Devlet Bahçeli’nin çağrısı ile Türkiye’yi mandalaştırmak, müstemleke bir ülke haline getirmek için etnik, dini ve mezhepsel ayrımcılığa tabi tutan, darbeler, söylem ve uygulamalarla bin yıllık kardeşliğin arasına nifak tohumları ekenler ters yüz oldu. Terörün istismar alanı daraltıldı. Bahçeli'nin yaptığı çağrının önemi gün geçtikçe daha net anlaşılıyor.
Terör örgütü PKK/PYD, tıpkı Türkiye gibi Suriye’nin de toprak bütünlüğünü tehdit ediyor. Halep kalesine asılan Türk bayrağı, DEM Parti Grup Başkanvekili Gülistan Kılıç Koçyiğit’i rahatsız etti. Kararan ruhunu ses tonuna ve yüz ifadesine yansıtarak, “Halep Kalesi’ne Türk Bayrağı dikildi diye sevinenler var. Halep kimin toprağı? Türkiye Halep’i işgal mi etmek istiyor soruyoruz? Suriye’yi işgal mi etmek istiyor soruyoruz?” diye bas bas bağırıyor.
Suriye’yi işgal eden ABD ve İsrail’in aparatı terör örgütleridir. DEM Parti, Türkiye’yi zayıflatmak, teröre güç devşirmek adına görev üstlendiğini her fırsatta beyan ediyor. DEM Parti’nin Türkiye partisi olmak gibi bir niyeti yok. Kürtleri Filistin gibi Siyonizm tuzağına çekme gayretleri anlaşıldı. Kürtleri istedikleri gibi manipüle edemiyorlar. Kendi kendilerine dövünüyorlar…
Devlet Bahçeli bu haftaki grup toplantısında, “DEM, ya Türkiye partisi olacak ya da tükenmekten ve derdest edilmekten başka seçeneği kalmayacaktır. Terör ya bitecek ve ya da bölücü katiller son silahlı teröriste kadar tek tek canlı hedef olmaktan kurtulamayacaklardır” uyarısına yer verdi. Bugün, DEM Parti’ye tepki vermeyenler yarın hukuki ve siyasi yaptırımlar gündeme geldiğinde demokrasi, özgürlük bahanelerine sığınsalar da bir anlam ifade etmez.

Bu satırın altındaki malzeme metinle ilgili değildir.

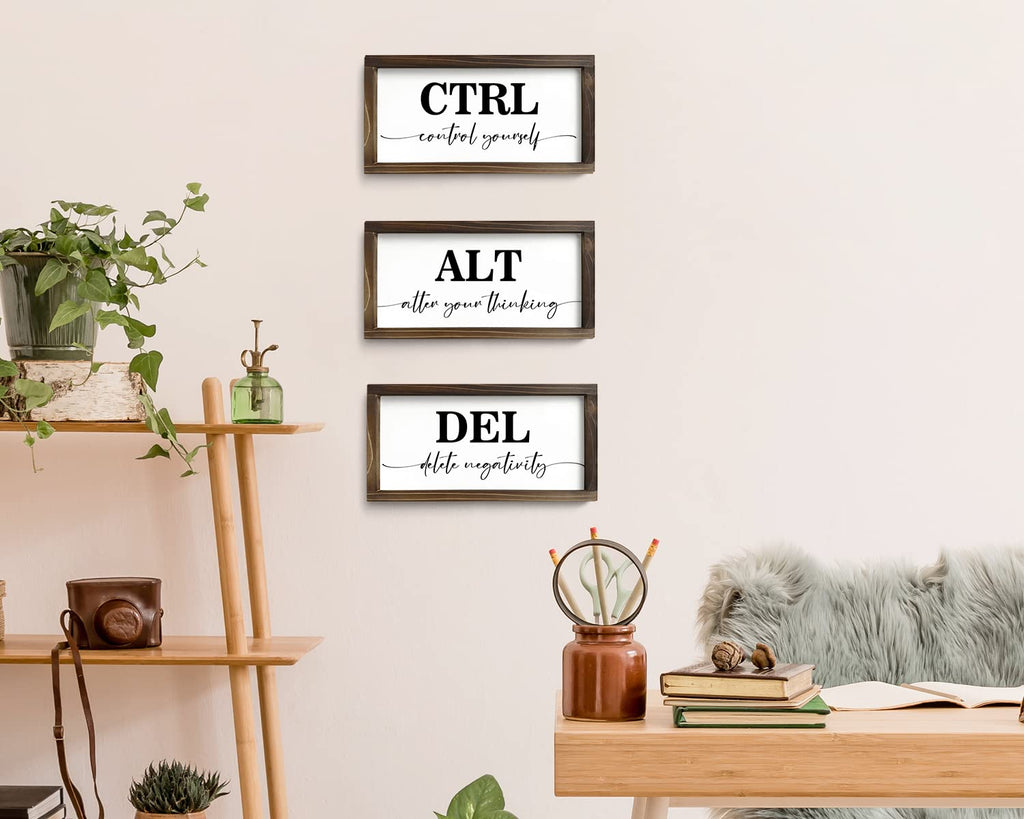 Pinetree Art Motivational Wall Decor for Office, Set of 3 Rustic Wooden Framed Signs, CTRL ALT DEL Inspirational Wall Art for Home Office, Classroom, Desk Wall, Positive Mindset Decor, (6"x12"x3) 6"x12"x3 rusitc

Suriye'nin toprak bütünlüğünü önemsemek ve toprak bütünlüğüne saygı duymak Halep'in bir Türk şehri olduğu gerçeğini değiştirmez. Halep hakikatin dilidir, Halep gönül coğrafyamızdır. Halep Kalesi’ne çekilen Türk bayrağı Halep’in hafızasıdır. Sadece Halep mi? Tebriz, Kırım, Musul, Kerkük aynı şekilde Batı Trakya ve daha niceleri.
Buralardan Türk nüfusunu koparıp atmak için nasıl çalışmalar yürütüldüğünün dünya âlem farkında. Türk’e düşmanlık Kürt’e düşmanlıktır. Türk’ü sevmeyen Kürt’ü sevmez.
Devlet Bahçeli’nin belirttiği gibi: “Kürt’ü Türk’ten ayırmak dünyayı güneş sisteminden ayırmak kadar imkânsız ve deli saçmasıdır. Anımız bir, acımız bir, ahlakımız bir, âminimiz bir, geleceğimiz de birdir. Bu ülkede yaşayan hiçbir Kürt kardeşim sorun olarak gösterilemez. Türkiye’nin sorunu Kürtler değil, bölücü terör örgütüdür. Kürt kardeşlerimizle terör örgütü arasında hiçbir ortak taraf yoktur. O halde el ele verip, gönüllerimizi birbiriyle yoğurarak terörü ve bölücülüğü gündemimizden tamamıyla çıkarmalıyız. Türkiye’nin yeni bir çözüm sürecine değil, ortak aklı çalıştırmaya, dürüst ve samimi adımlara, dış dayatmalara kapalı durmaya, bin yıllık kardeşliği daha da kuvvetlendirmeye ihtiyacı vardır ve olmalıdır. Silah ve şiddet karşısında toplumun boyun eğdiğini göstermek ne kadar yanlış ise, terörü yaratan ortamın iyileştirilmesi amacıyla demokratik adımları atmaktan imtina edilmesi o ölçüde hatalıdır. Bir yanda terörle amansız mücadele ederken, diğer yanda demokratik reformların, sosyal ve ekonomik düzenlemelerin yapılması akla en yatkın seçenektir.”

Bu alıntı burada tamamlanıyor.